Little Leap Forward: a boy in Beijing

Gue Yue, Clare Farrow, Ill. Helen Cann

Barefoot Books


Jul 2008

“With music and your imagination you can travel anywhere; you will always be free.”

Barefoot Books have drawn upon the self-same creative sensibility, attention to detail and high production values that have earned them the place as one of the most distinctive and stylish picture books lists, in this their first forray into fiction.
The construction of childhood presented here is a decidedly pastoral one with its kite flying competitions, trips to market and sibling cookery sessions. Behind the surface of this, however, are the shifting political tectonics that lead to Mao Zedung’s Cultural Revolution of 1966.
Ramifications of this are both clearly and cleverly drawn through the capture and subsequent decline of a bird which Little Leap Forward keeps trapped in a bamboo cage. The bird’s refusal to sing and its inability to fly are consequences of its being held captive away from the natural influences that allow its replenishment.
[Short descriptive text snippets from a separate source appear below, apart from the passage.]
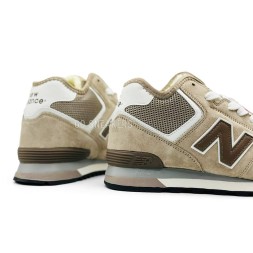 New Balance Winter High Unisex Winter Sand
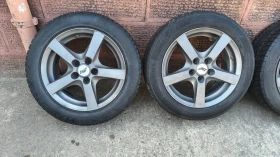 ���� � ������ 205/55R16 �� VW Polo | Mobile.bg � ����� ������ 3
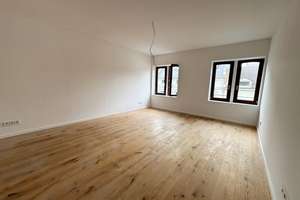 Energetisch sanierter Altbau in ruhiger Innenstadtlage – Jahnstrasse xx, 65185 Mitte, Wiesbaden – Vorschaubild 12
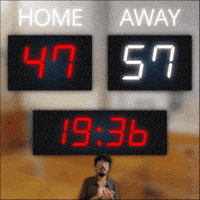 47 Home GIF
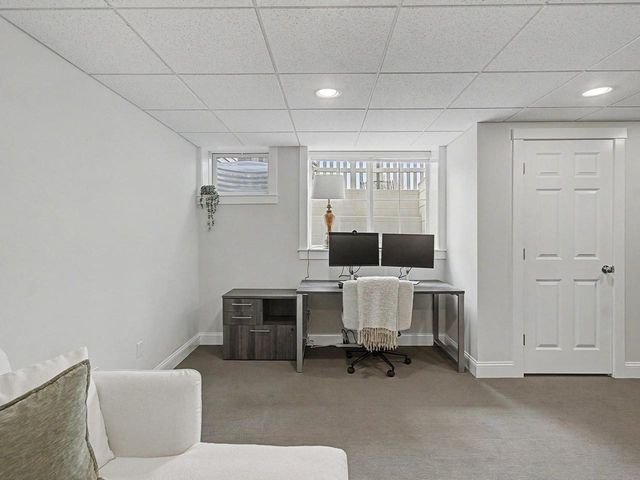 123 South Jefferson Road, South Burlington, VT 05403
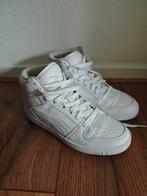 Sneakers Saucony, Ophalen of Verzenden, Zo goed als nieuw, Sneakers of Gympen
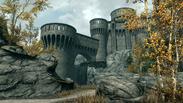 The Elder Scrolls V Skyrim - Triple Pack DLC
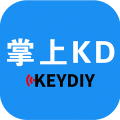 ����kd�ֻ�������v8.6.28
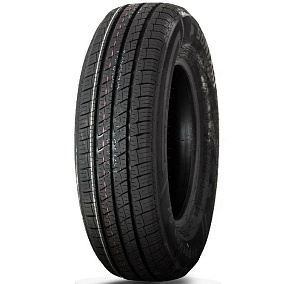 Шины Sonix Supervan S1 185/75 R16 104R C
The creeping oppression whose reach is felt towards the end of the novel is wholly juxtaposed by the real sense of hope and liberation that the bird’s release and free flight signify.
Gue Yue and Clare Farrow’s text is marked by its reflective lyricism. This is complemented beautifully by the sights of Beijing, captured so evocatively through Helen Cann’s full-colour illustration plates that intersperse the novel. Combining freedom of thought, action and imagination, this is a welcome first fiction offering from Barefoot Books that leaves one eager in the hope that a subsequent, more regular publishing plan might follow in a similar vein.